Copy, word for word, the lines below from the one containing "Sabaton - Screaming" up to and including the one containing "我來自遊戲 - 第285話 迴歸的天娜！(2/4) - 8", with pictures left out.

» Data supplied
========================================

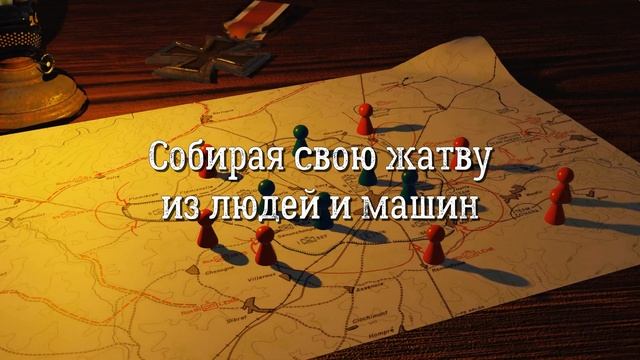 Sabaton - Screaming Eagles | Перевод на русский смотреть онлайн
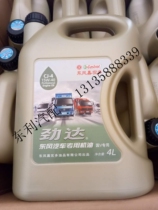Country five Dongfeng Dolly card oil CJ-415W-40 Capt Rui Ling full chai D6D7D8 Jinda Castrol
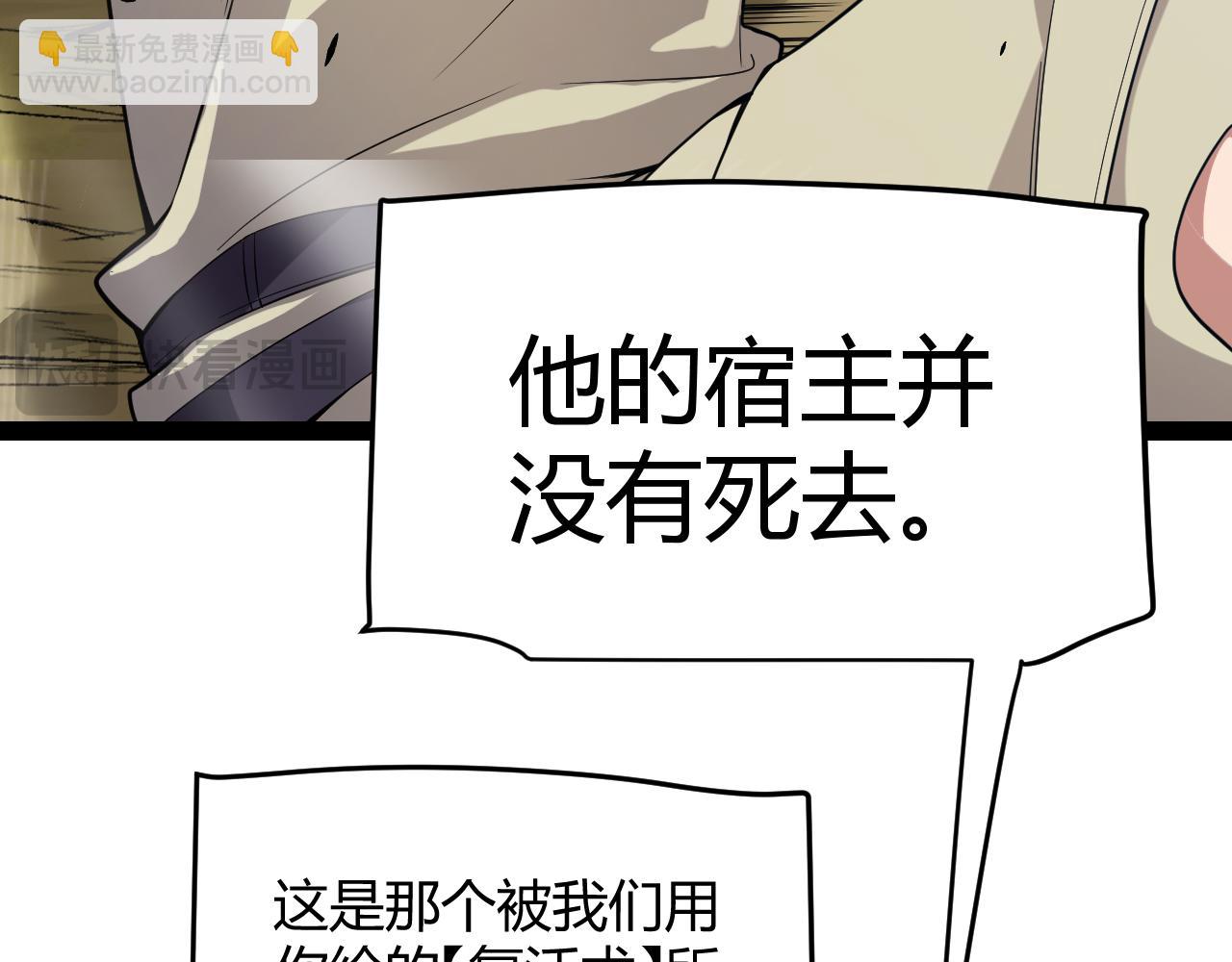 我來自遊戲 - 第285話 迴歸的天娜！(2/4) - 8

========================================

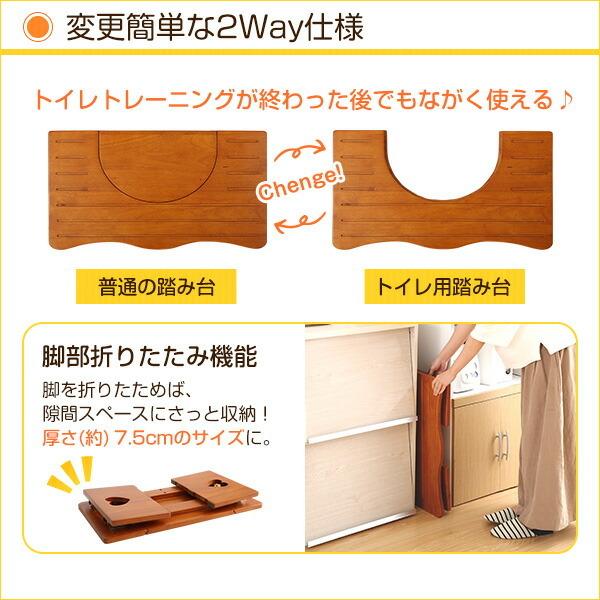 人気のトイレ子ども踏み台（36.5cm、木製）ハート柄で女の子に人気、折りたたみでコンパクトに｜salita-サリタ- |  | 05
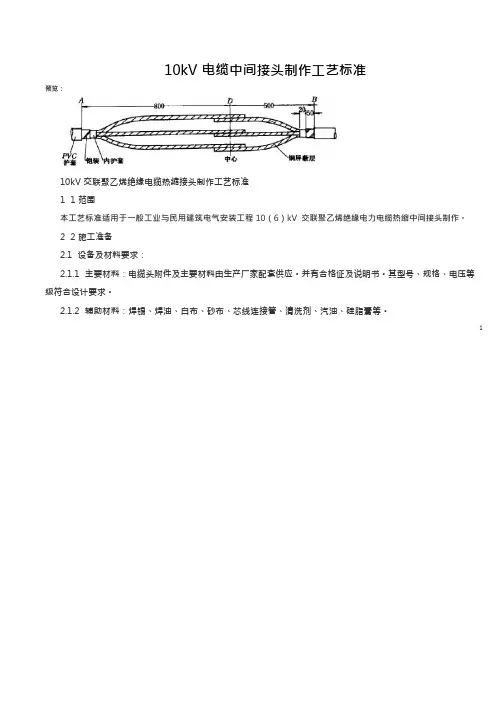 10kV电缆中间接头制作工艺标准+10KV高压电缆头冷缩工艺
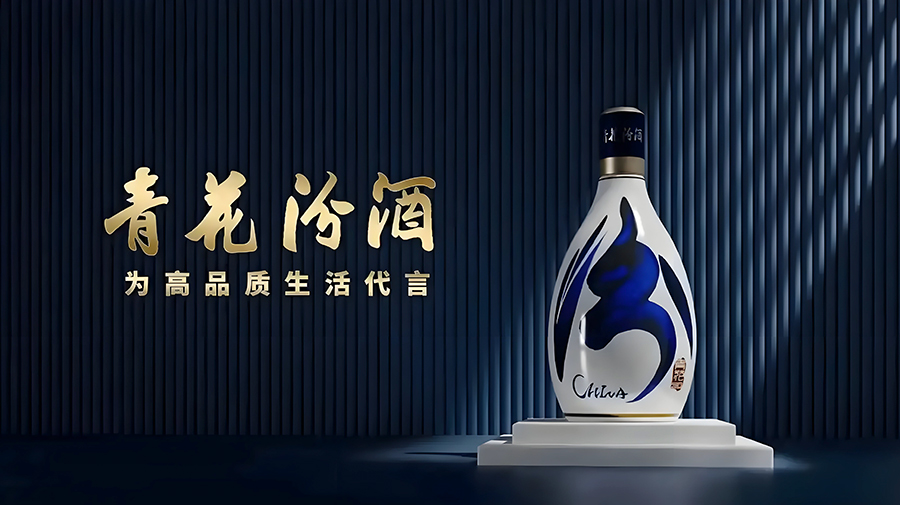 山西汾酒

========================================

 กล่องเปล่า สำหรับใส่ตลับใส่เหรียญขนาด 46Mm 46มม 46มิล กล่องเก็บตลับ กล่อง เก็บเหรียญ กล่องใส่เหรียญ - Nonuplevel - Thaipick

========================================

» Expected answer
 Sabaton - Screaming Eagles | Перевод на русский смотреть онлайн
Country five Dongfeng Dolly card oil CJ-415W-40 Capt Rui Ling full chai D6D7D8 Jinda Castrol
 我來自遊戲 - 第285話 迴歸的天娜！(2/4) - 8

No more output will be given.